==== INFORMATION SUPPLIED

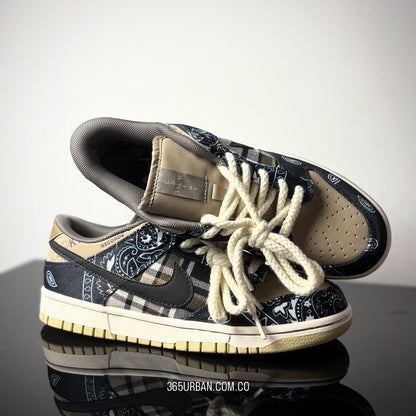 NIKE SB DUNK LOW X TRAVIS SCOTT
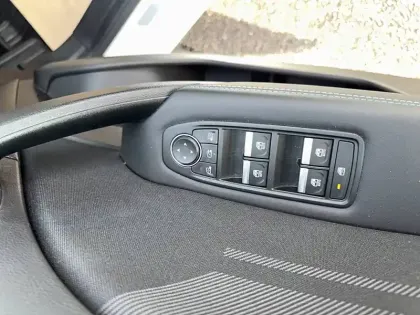 Photo 20 Renault Captur  E-Tech full hybrid 145 ch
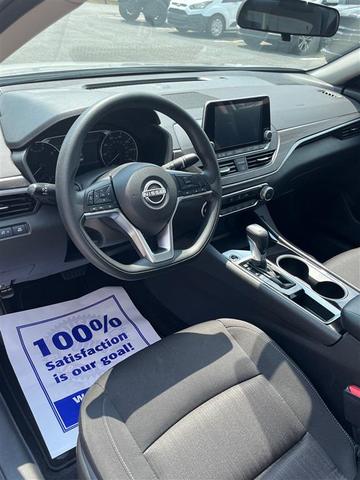 2024 nissan altima 2.5 sv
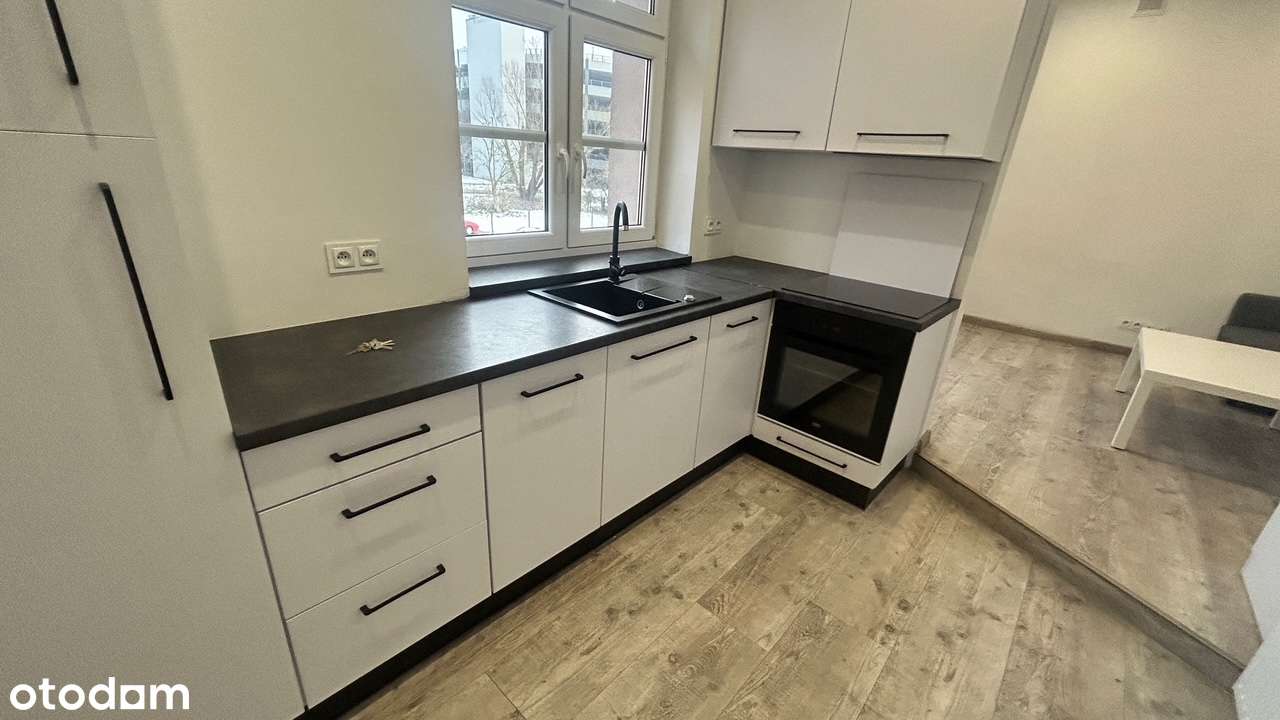 Rybnik-kawalerka w samym centrum - 2 min do Rynku, urządzona od zaraz - Pełny obrazek: 4/9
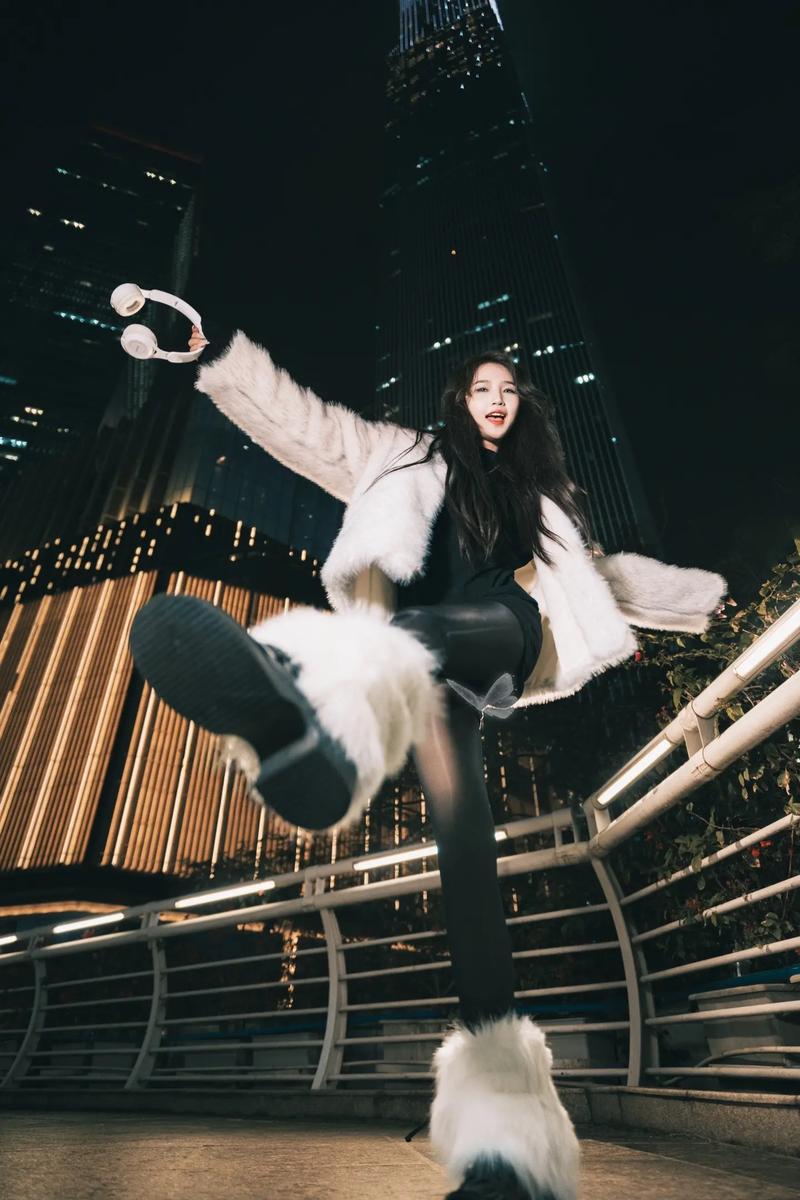 拍照姿势怎么摆女生坐着图1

========

→ WHAT IS REQUIRED
Please repeat everything in the data above except the pictures, exactly as it reads.

→ RESPONSE TO THIS TASK
 NIKE SB DUNK LOW X TRAVIS SCOTT
 Photo 20 Renault Captur  E-Tech full hybrid 145 ch
 2024 nissan altima 2.5 sv
 Rybnik-kawalerka w samym centrum - 2 min do Rynku, urządzona od zaraz - Pełny obrazek: 4/9
 拍照姿势怎么摆女生坐着图1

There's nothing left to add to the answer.